Captioned web image data:
□ □ □ □ □

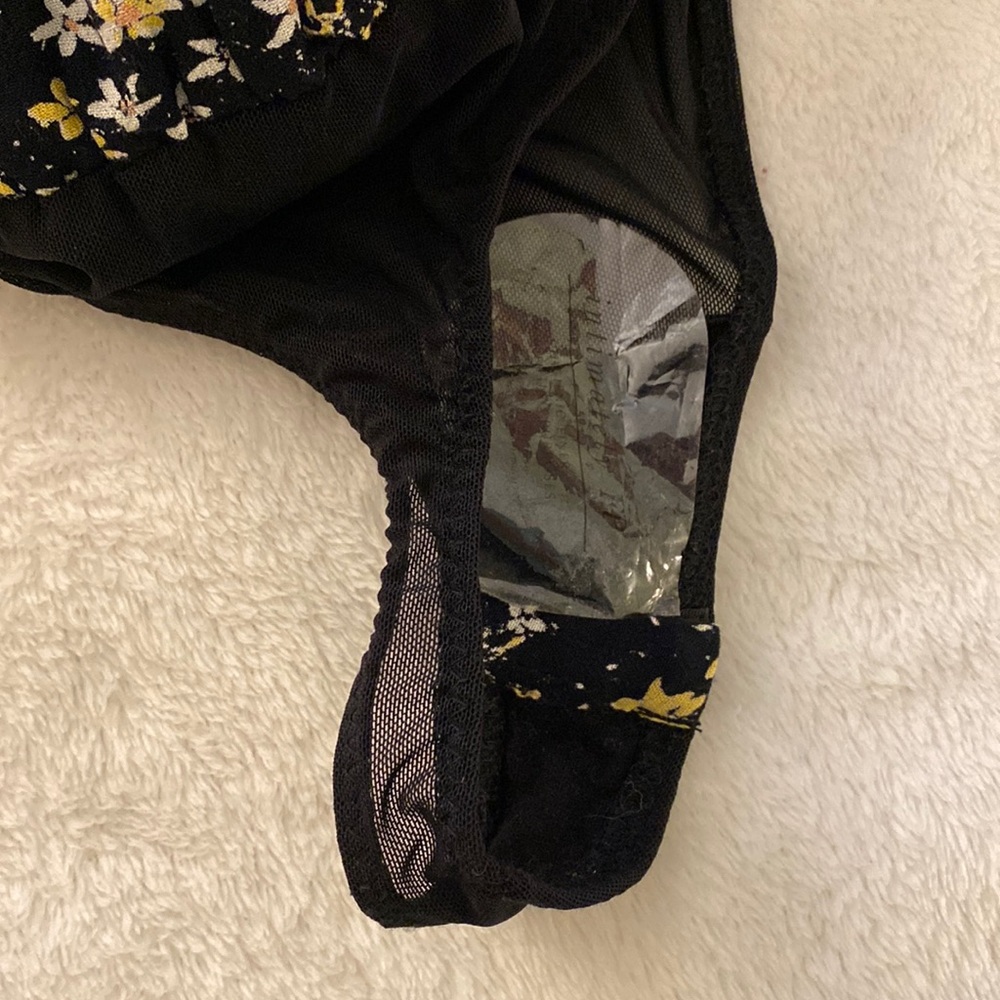 Free People NWT sz small intimately black/yellow floral w puffy sleeves bodysuit - Picture 9 of 13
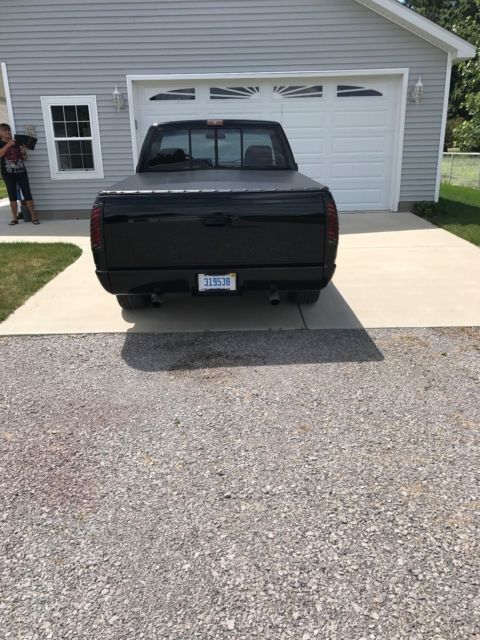 1990 Black Chevrolet C/K Pickup 1500 Standard Cab Pickup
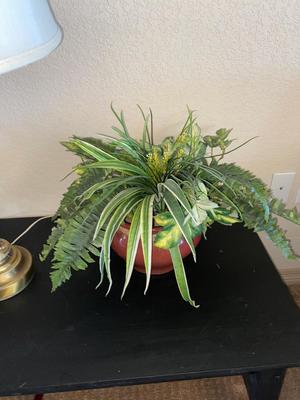 VINTAGE BRASS CHERUB LAMP AND FAUX FERN
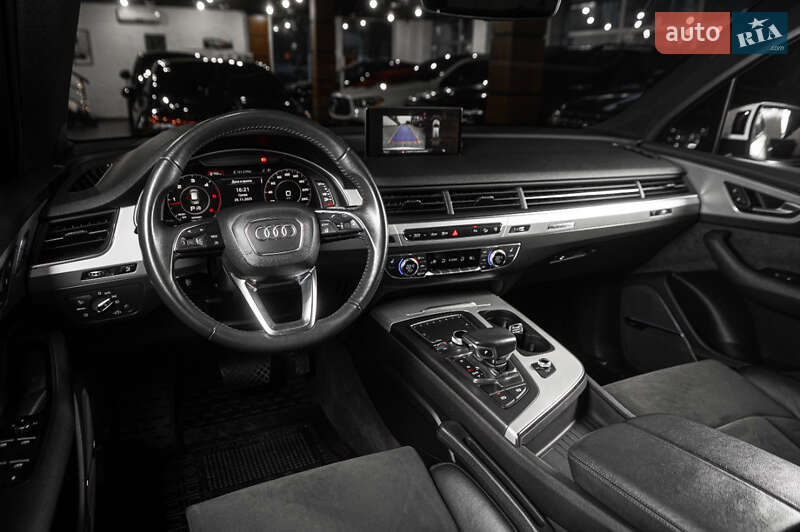 Позашляховик / Кросовер Audi Q7 2017 в Одесі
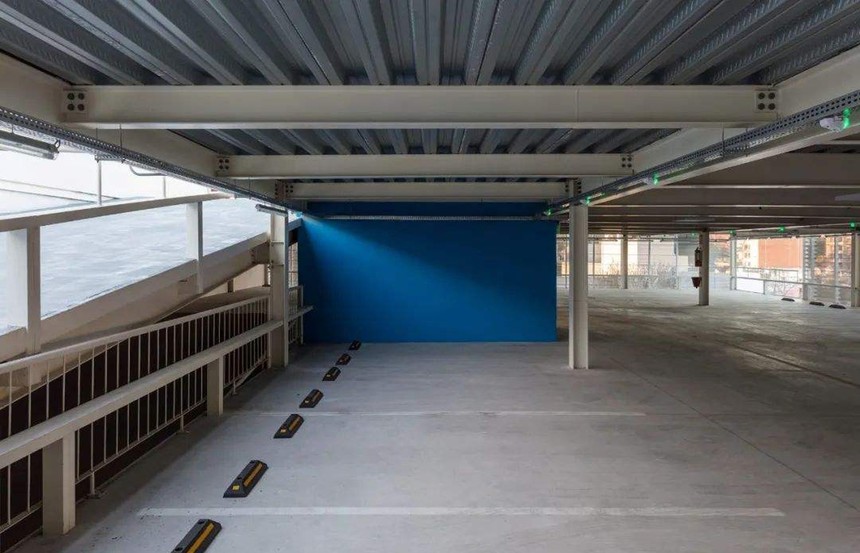 3層鋼結(jié)構(gòu)停車樓施工案例 鋼結(jié)構(gòu)停車樓施工案例 3層鋼結(jié)構(gòu)停車樓施工案例 鋼結(jié)構(gòu)停車樓施工案例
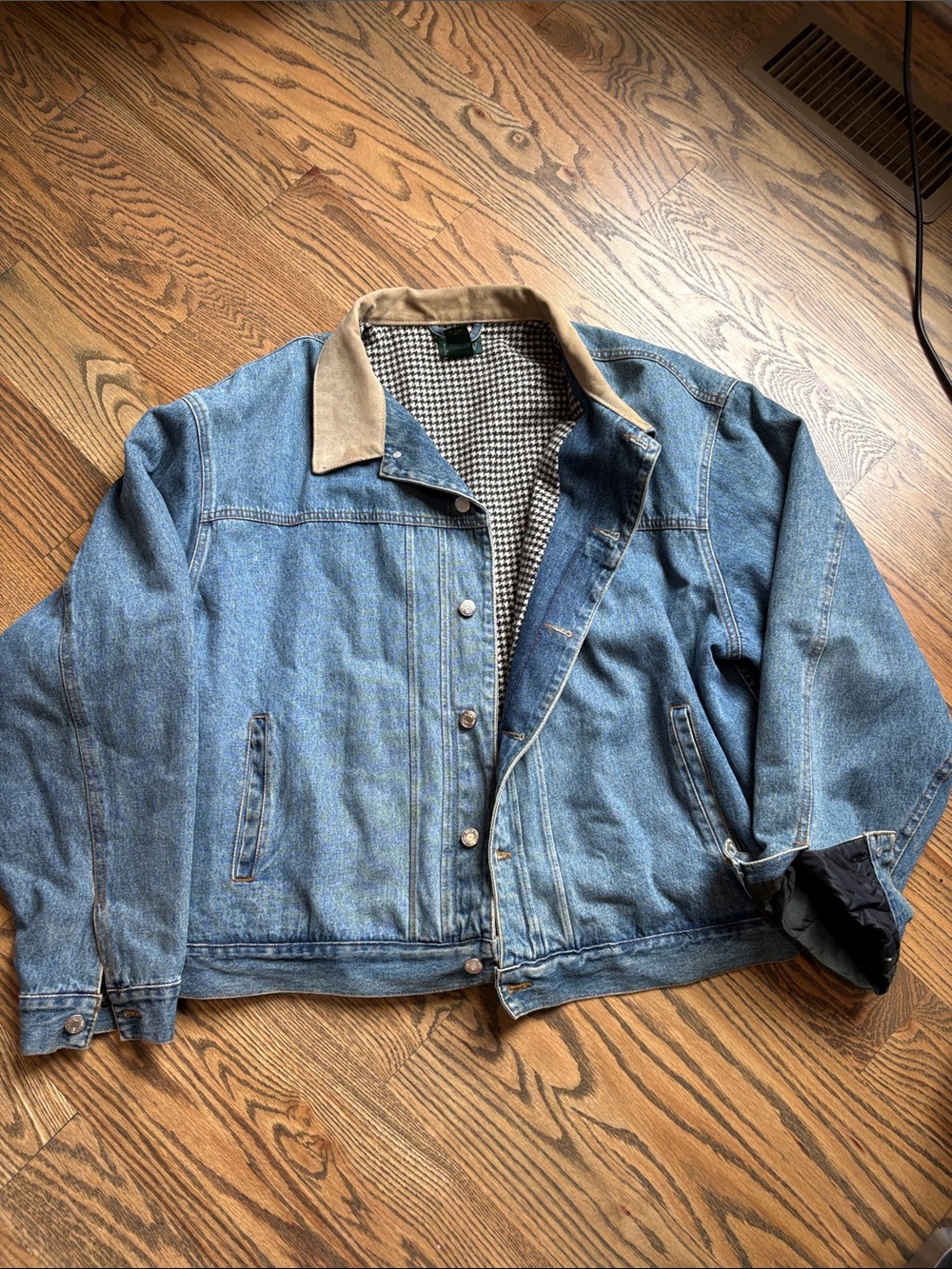 J. Crew 90s Vintage Jean Jacket with Suede Collar and Wool Houndstooth Lining XL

□ □ □ □ □

Set down only the lines from the one with "1990 Black Chevrolet" through the end of the entries, exactly as they appear, leaving out each picture.

■ **Output below**
 1990 Black Chevrolet C/K Pickup 1500 Standard Cab Pickup
 VINTAGE BRASS CHERUB LAMP AND FAUX FERN
 Позашляховик / Кросовер Audi Q7 2017 в Одесі
 3層鋼結(jié)構(gòu)停車樓施工案例 鋼結(jié)構(gòu)停車樓施工案例 3層鋼結(jié)構(gòu)停車樓施工案例 鋼結(jié)構(gòu)停車樓施工案例
 J. Crew 90s Vintage Jean Jacket with Suede Collar and Wool Houndstooth Lining XL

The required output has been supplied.